Sean E. Matzus is a key figure in the Texas Harsh Noise Wall and experimental  scene in genreal; he’s part of Richard Ramirez’s harsh noise collective Black Leather Jesus, he also works along side Richard in his HNW project Last Rape and junk noise project priest in Shit  (with Richard & BLJ’s  Vance Osborne). He is involved in more drone & elctro-acostic projects too like The Secret Geography(solo project) and In The Land Of Archers( with Vance Osborne). Sean kindly took time out of his busy schedule to give M[M] an email interview.

m[m] What are some of your earliest musical memories and what first got you interested in Noise music? and Was there one particular record or track?
Sean I'd say I have always been attracted to extremes and abstraction in music rather than just interested in “noise.” I also think that I came to noise through pretty conventional music; the bleeps and bloops on Pink Floyd albums or Hendrix playing “The Star-Spangled Banner.”   
 
Sean I grew up in a very small town in rural southwestern Pennsylvania, but I was within 15 miles of Morgantown, West Virginia.  When I was growing up Morgantown was a vibrant college town with a thriving live music scene, so I was afforded the opportunity to see some pretty cool stuff at a very young age.  It was the Butthole Surfers on the “Locust Abortion Technician” tour that first really opened my eyes to the fact that there may be something out there for me.  I gravitated toward the “weird” stuff; my eye was caught by a cassette copy of “Filth” by Swans at the local record store. Sonic Youth was another hugely influential find—I really loved things like “Sonic Death” and “Bad Moon Rising.” (Lots of great things over the years tied to Sonic Youth. . .I got to see the Boredoms the first time they came to the US thanks to Sonic Youth.) 
 
Sean I remember reading a relatively negative review of “Haus Der Luege” by Neubauten in an issue of Thrasher that used words that really made it seem like something I should check out.  I think that was around the same time as the whole Negativland satanic murders hoax that led to “Helter Stupid.”  How could I not check that out, even if it was quite a while before I really “got” it?  The amazing thing is that I managed to buy most of this stuff at the record stores in the local malls.   I would make these tapes of the noise and drone parts of “rock” albums and play them over and over while I was writing.  After the first Mr. Bungle album was released I sought out John Zorn.  The Naked City self-titled was pretty easy to come by, and Zorn really opened my eyes to all kinds of extreme music.  But even then, and well in to my college career, noise and the avant garde was really just a few acts like Painkiller or a track or two on an album or on the soundtracks to David Lynch films and the like. I had no idea that there were so many artists making noise and weirdo stuff.  But I really didn't become obsessive about pure noise and experimental stuff until I moved to Texas and found record stores that specialized in it.  As important as those early loves like Swans and Neubauten were, it was Genetic Memory on KTRU and Vinal Edge here in Houston that really blew open the doors for me, and I was in my mid twenties by that time.

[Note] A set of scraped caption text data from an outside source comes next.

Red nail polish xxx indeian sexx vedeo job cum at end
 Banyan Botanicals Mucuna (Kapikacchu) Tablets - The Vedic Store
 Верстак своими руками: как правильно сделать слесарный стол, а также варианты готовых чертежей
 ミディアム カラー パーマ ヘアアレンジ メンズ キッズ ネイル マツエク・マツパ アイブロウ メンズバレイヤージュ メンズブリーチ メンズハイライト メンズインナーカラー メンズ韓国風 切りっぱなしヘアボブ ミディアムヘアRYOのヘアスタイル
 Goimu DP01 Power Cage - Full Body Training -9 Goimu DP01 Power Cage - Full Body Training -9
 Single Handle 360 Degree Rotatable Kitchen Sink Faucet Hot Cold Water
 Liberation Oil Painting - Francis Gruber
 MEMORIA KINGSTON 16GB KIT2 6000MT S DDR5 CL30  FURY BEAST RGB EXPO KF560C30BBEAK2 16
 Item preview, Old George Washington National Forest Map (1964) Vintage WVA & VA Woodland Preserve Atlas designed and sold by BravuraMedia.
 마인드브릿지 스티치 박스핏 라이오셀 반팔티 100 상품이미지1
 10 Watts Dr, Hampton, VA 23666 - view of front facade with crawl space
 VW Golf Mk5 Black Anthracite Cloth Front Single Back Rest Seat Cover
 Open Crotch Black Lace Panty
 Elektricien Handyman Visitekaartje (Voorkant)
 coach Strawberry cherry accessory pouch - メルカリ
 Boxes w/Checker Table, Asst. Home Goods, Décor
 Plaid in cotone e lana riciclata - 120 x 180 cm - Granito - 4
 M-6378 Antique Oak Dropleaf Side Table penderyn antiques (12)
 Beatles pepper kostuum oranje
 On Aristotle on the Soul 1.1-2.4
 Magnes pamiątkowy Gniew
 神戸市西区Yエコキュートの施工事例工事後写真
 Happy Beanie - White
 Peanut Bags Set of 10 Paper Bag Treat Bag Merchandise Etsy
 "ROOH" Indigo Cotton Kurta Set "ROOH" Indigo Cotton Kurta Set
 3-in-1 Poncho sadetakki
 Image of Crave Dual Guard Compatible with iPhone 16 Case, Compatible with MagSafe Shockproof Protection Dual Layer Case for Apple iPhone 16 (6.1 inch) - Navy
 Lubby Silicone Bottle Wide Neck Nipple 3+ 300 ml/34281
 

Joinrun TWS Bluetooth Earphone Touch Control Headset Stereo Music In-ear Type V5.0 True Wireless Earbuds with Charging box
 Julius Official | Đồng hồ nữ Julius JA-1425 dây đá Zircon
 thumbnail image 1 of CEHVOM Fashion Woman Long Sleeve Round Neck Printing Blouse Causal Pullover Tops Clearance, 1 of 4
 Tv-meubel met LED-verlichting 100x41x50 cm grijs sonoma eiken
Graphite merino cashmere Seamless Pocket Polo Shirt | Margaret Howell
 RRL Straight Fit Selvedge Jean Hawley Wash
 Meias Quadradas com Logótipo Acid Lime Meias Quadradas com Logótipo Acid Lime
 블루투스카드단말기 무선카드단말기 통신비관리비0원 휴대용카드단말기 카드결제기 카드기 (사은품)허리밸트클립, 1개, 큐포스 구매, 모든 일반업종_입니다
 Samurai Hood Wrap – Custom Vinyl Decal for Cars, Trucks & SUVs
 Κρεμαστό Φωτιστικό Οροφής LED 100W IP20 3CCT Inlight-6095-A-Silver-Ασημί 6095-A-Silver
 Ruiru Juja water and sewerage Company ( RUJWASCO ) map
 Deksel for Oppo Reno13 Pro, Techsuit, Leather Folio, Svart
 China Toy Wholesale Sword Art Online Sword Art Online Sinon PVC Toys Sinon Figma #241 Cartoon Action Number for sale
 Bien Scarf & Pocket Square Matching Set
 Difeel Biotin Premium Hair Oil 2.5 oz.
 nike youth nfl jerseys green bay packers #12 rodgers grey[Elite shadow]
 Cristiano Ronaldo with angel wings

m[m] When did you first get interested in making noise yourself & what was your first project?
Sean In a way, the above mentioned tapes I made in late high-school and the early college years were a rudimentary first project.  I played guitar in a number of relatively conventional bands in those days,  but I was always trying to make my own sound as nasty and noisy as I possibly could within the context.  I remember the end of one particularly tense recording session where I managed to drag my little punk quartet into a maelstrom of free-rock noise that was really my proudest moment as a “rock” musician.  It really unlocked what I wanted to hear from myself.  I spent the next several years “unlearning” proper technique and becoming more of an “anything I can jam under the strings will be better than making a chord” type guitarist.  I had a bunch of ideas at the time, but I am an infamous “big plans, small motivation” guy, so all my music went on the back burner (or on to no burner, if I'm being 100% honest) until after I graduated college and moved to Houston.  Even then, it took losing the job I had on my “career path” to get me off my ass and working.  My first foray in to noise was joining In the Land of Archers in 2002. 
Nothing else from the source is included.